Civil penalty provisions in the Corporations Act 2001 in the context of shareholder disputes

What is meant by Civil Penalty Provisions?

The civil penalty regime was introduced into the Corporations Act 2001 (“Act”) to enhance corporate governance and accountability in Australia and minimise the use of criminal law when dealing with corporate misconduct.  

Part 9.4B of Act addresses the ‘civil consequences’ of contraventions of the ‘civil penalty provisions’.

Section 1317E of the Act includes a lengthy table of which comprise the civil penalty provisions, which address the following 14 different areas:
  1. Officers' (eg directors’) duties - s180(1), s181(1), s181(2), s182(1), s182 (2), s183(1) and s183 (2)
  2. Responsibilities of secretaries etc. for corporate contraventions - s188(1) and s188 (2)
  3. Related parties rules - s209(2)
  4. Share capital transactions - s254L(2), s256D(3), s259F(2), and s260D(2)
  5. Requirements relating to financial reporting - s344(1) and s344(1A)
  6. Obligation to declare and publish notice if company not eligible for temporary restructuring relief - s458F(1)
  7. Insolvent trading - s588G(2)
  8. Preventing creditor-defeating dispositions -s588GAB(2)
  9. Procuring creditor-defeating dispositions - s588GAC(2)
  10. Duties of responsible entities - s601FC(1)
  11. Duties of officers of responsible entities - s601FD(1)
  12. Duties of employees of responsible entities - s601FE(1)
  13. Duties of officers and employees of responsible entities - s601FG
  14. Duties of officers and employees of responsible entities - s601JD(1)
Litigation matters involving contraventions of the civil penalty provisions commonly deal with breach of directors’ duties, breach of continuous disclosure requirements for companies listed on the Australian Securities Exchange (“ASX”) and large corporate collapses, to name only a few. In these matters, forensic accountants and/or valuation experts are relied on to opine on matters concerning either or both of liability e.g. what disclosure ought to have been made and when, and matters of quantum, e.g. what was the value of the shares.

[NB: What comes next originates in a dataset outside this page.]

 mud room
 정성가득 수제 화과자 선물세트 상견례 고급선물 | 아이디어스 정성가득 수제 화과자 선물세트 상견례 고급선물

What can the court do if there is a contravention of the civil penalty provisions?

An Australian court can issue one or more orders involving contravention of the civil penalty provisions: 
  1. a declaration that there has been a contravention of the civil penalty provisions, which can trigger other consequences, e.g. orders for the disqualification of a director from acting as a director, criminal prosecution, other civil litigation, etc;
  2. a pecuniary penalty to be paid;
  3. relinquishment of the benefit obtained from breaching the civil penalty provisions;
  4. refunds for ongoing fees after termination of an arrangement(e.g. charged by financial advisers, investment managers and subscription providers); and
  5. compensation orders.
In Australia, there are far too many examples where the court has issued multiple orders for a contravention of the civil penalty provisions. One prime example involves Rodney Adlar, who was a director of HIH Insurance Ltd in January 1999 which collapsed not too long after its acquisition of FAI Insurance. Many separate litigation proceedings commenced following the collapse of HIH Insurance Ltd. Mr Adler, and other culpable defendants, were ordered to pay compensation of $7,986,000 for losses suffered by HIH Insurance Ltd and Mr Adler was ordered to repay improper benefits, pay pecuniary penalties and was disqualified to act as a director for 20 years. Mr Adler also served prison time following his admission of guilt in criminal proceedings initiated against him.

In the matter of ASIC v Vizard [2005] FCA 1037, involving a well-known Australian media personality at that time, who was then a company director of Telstra Corporation Ltd, acted on ‘insider information’ and was banned for 10 years from managing a corporation and ordered to pay a pecuniary penalty of $130,000 for each of 3 contraventions totalling $390,000.

While the Adler and Vizard cases are just 2 examples of breach of director duties that involved ASX listed companies (which typically garners high media attention and public interest), there are many other court cases involving a contravention of civil penalty provisions that feature private companies.  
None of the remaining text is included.